After the first phase of the U.S. trade deal with China was signed last month, China’s Ministry of Finance said Thursday it will be cutting the additional tariffs it had imposed last year on roughly $75 billion worth of U.S. imports by five percent.
The additional 10 percent tariff placed on some goods will be cut to 5 percent; the additional 5 percent tariff imposed on other goods will be cut to 2.5 percent. These additional tariffs were levied on U.S. goods during the height of the trade war in September and again in December.
Overall, 1,700 U.S. products being exported to China will be affected. The cuts are expected to go into effect Feb. 14.

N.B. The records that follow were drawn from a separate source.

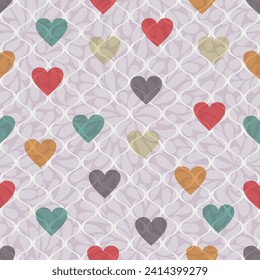 Valentines vector pattern with colorful translucent hearts on a soft pink background with shapes and paisley background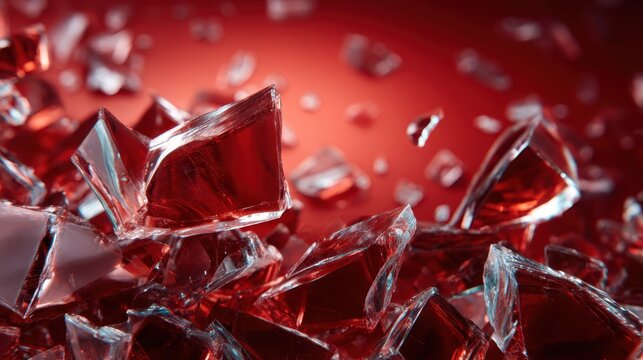 An artistic representation of shattered red glass pieces scattered against a contrasting dark background, creating a visually striking image embodying chaos and beauty.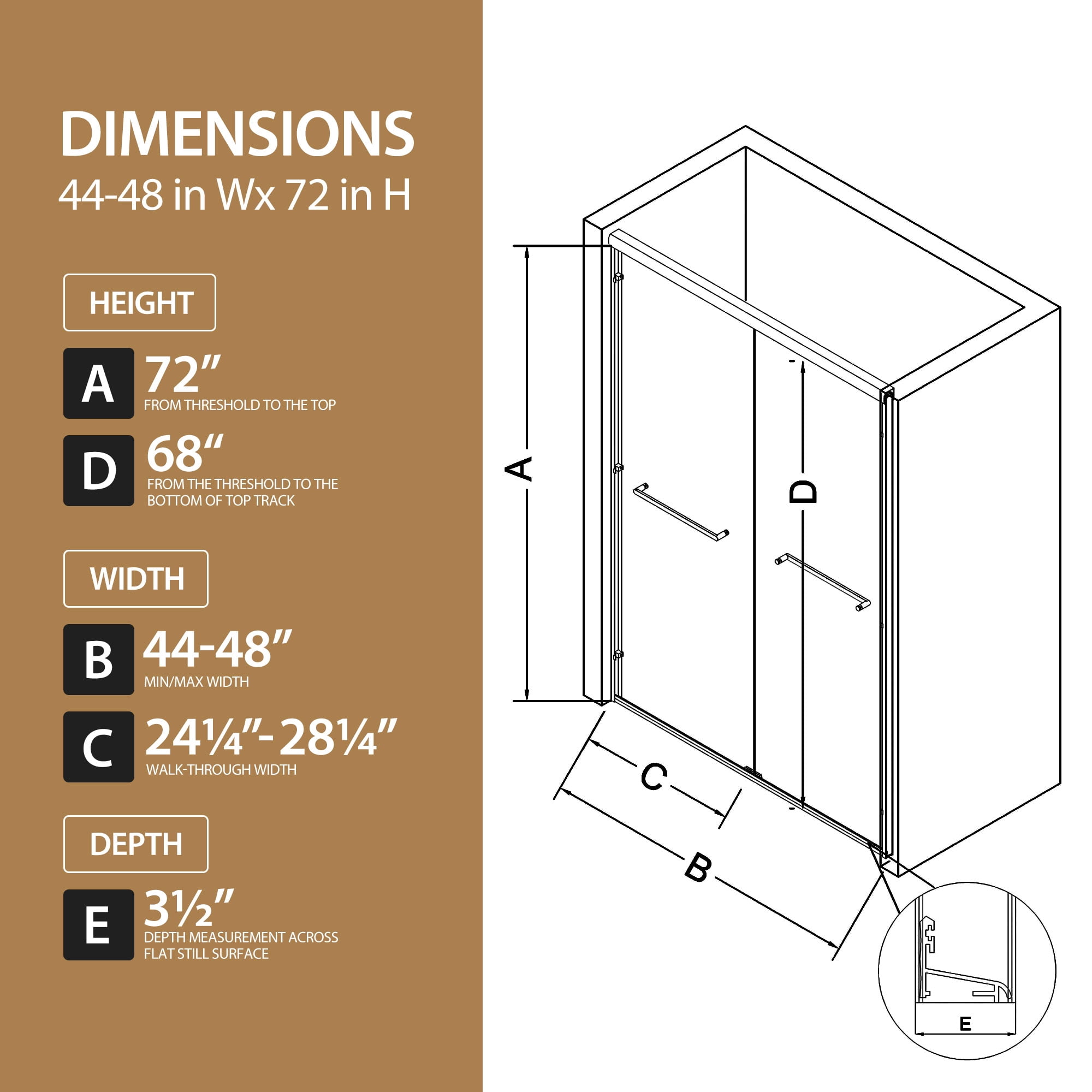 MAYEERTY Double Sliding Shower Door, Matte Black Aluminum Frame, 1/4" Tempered Safety Glass with Explosion-Proof Film, Waterproof & Reversible Installation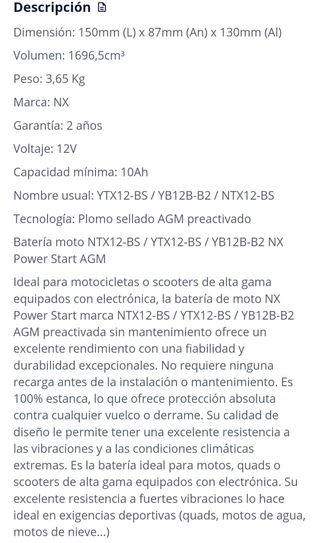 bateria moto NTX12-BS/YTX12-BS/YB12B-BS,12v 10Ah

The products impacted by the additional 10 percent tariff include some American automobiles, beef, poultry and soybeans. Chinese tariffs on U.S. soybean products, for example, were initially 25 percent, which increased to 30 percent in September.
After Feb. 14, Chinese tariffs on U.S. soybean products will be 27.5 percent.
Similarly, Chinese tariffs on imported U.S. pork products totaled 60 percent; after Feb. 14 this will drop to 55 percent. Beef tariffs will also drop from 35 to 30 percent.
The additional 5 percent tariff imposed on U.S. crude oil last December will drop to 2.5 percent.
China’s Ministry of Finance said the decrease was an effort “to promote the healthy and stable development” of economic and trade relations between the U.S. and China.
The phase 1 agreement also includes China’s pledge to make “substantial purchases” of American manufacturing goods, agricultural products, energy products and services throughout 2020 and 2021.
The U.S. will also reduce tariffs on Chinese imports on Feb. 14. On Jan. 16, the U.S. announced it would decrease the additional 15 percent tariff it had initially imposed last year on $120 billion worth of Chinese goods by half – to 7.5 percent.